■ TASK
Leaving out pictures, output exactly the lines below from the one that has "This collect method" through the one that has "And then you", and nothing else.

■ Collected data
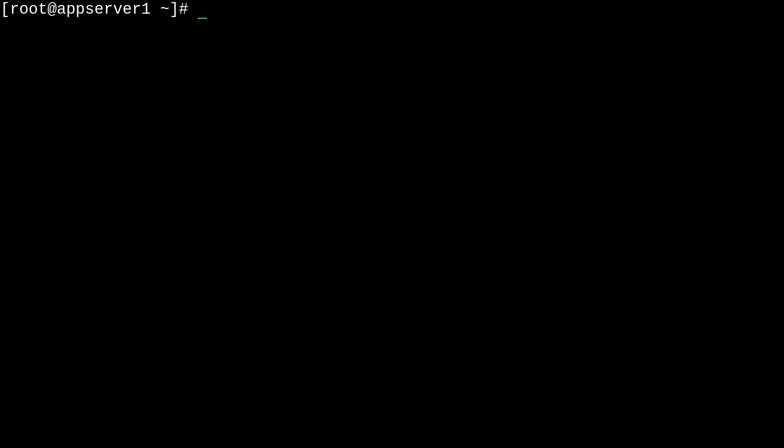So, if you wanted to create an ext file system, you would run mkfs.ext4 -E nodiscard. And then provide the name of your volume.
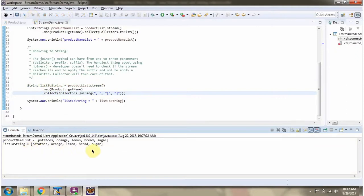This collect method returns a string, and here we can see the output. The prefix is applied at the beginning, and each product name is separated by the delimiter comma.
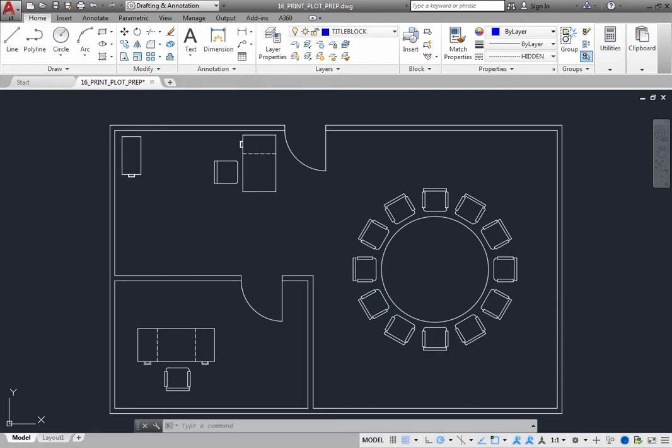In order to print or plot a drawing, you should understand the concepts of model space and paper space. Every drawing includes two different environments: model space and paper space.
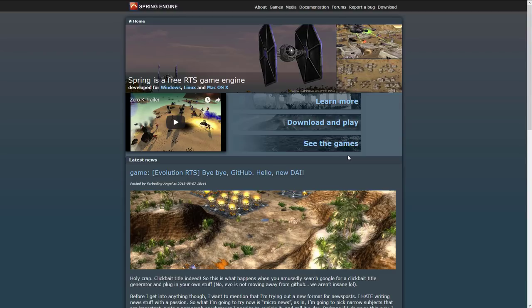And then you script your game's complete logic using the Lua programming language. So if you're looking for an easy-to-get-started-with real-time strategy game-focused 3D game engine, Spring engine may be perfect for you.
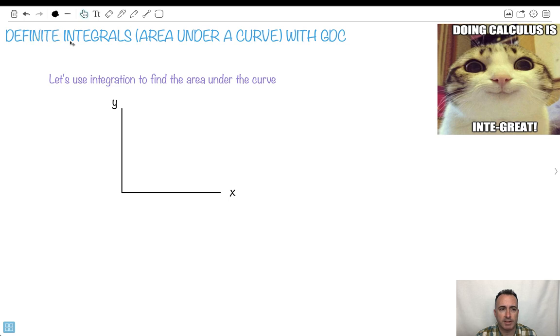Let's talk about how to find the integral — in other words, the area under the curve — with your graphical display calculator, your GDC. Doing calculus on a calculator, isn't it great?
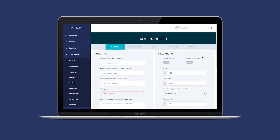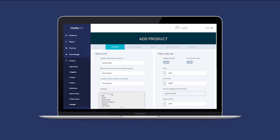All products must be given a name, button colour, tax rate, and be linked to a category. First, enter the product name and select a category for the product. You can also enter a product description or SKU if required.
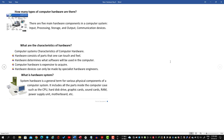System hardware is generally for various physical components of a computer system. Some features of the hardware: this is a physical component which includes all parts of the computer case such as CPU, hard disk drive, graphics card, sound card, RAM, power supply unit, and motherboard.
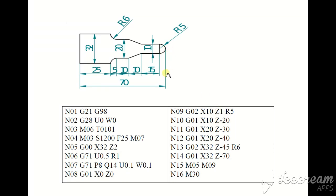G01 linear interpolation, feed rate F500, X10 Z-25.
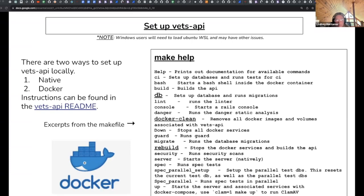There are two ways to set up Vets API locally: a native path where you set up the Rails app, Postgres, Redis, and some dependencies, and a Docker path as well. Instructions for both can be found in the README, and I will send out the slide deck so you'll have access to these links. On the right are some key items for the Docker setup — make up for starting the application, make database for the database setup and migrations, Docker clean, Docker rebuild. Those are also listed in the running Docker setup document.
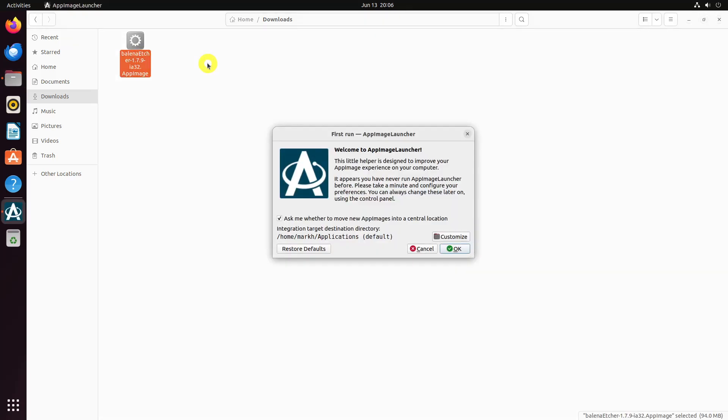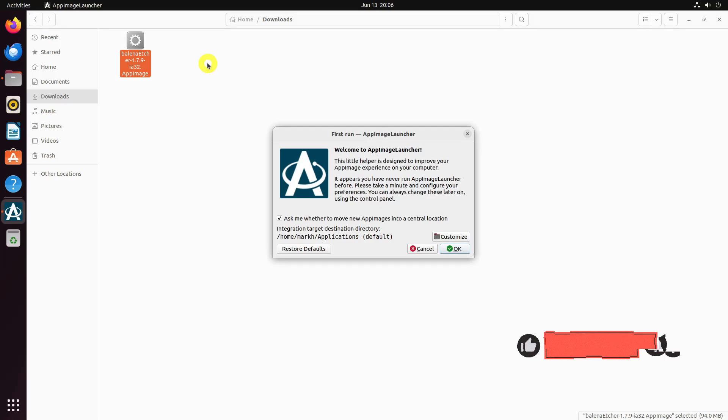If the AppImage Launcher is being launched for the first time, you will be prompted to configure the central target location to add the app images. After choosing the central location for the new app images, click OK to proceed.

■ RESPONSE TO THIS TASK
This collect method returns a string, and here we can see the output. The prefix is applied at the beginning, and each product name is separated by the delimiter comma.
In order to print or plot a drawing, you should understand the concepts of model space and paper space. Every drawing includes two different environments: model space and paper space.
And then you script your game's complete logic using the Lua programming language. So if you're looking for an easy-to-get-started-with real-time strategy game-focused 3D game engine, Spring engine may be perfect for you.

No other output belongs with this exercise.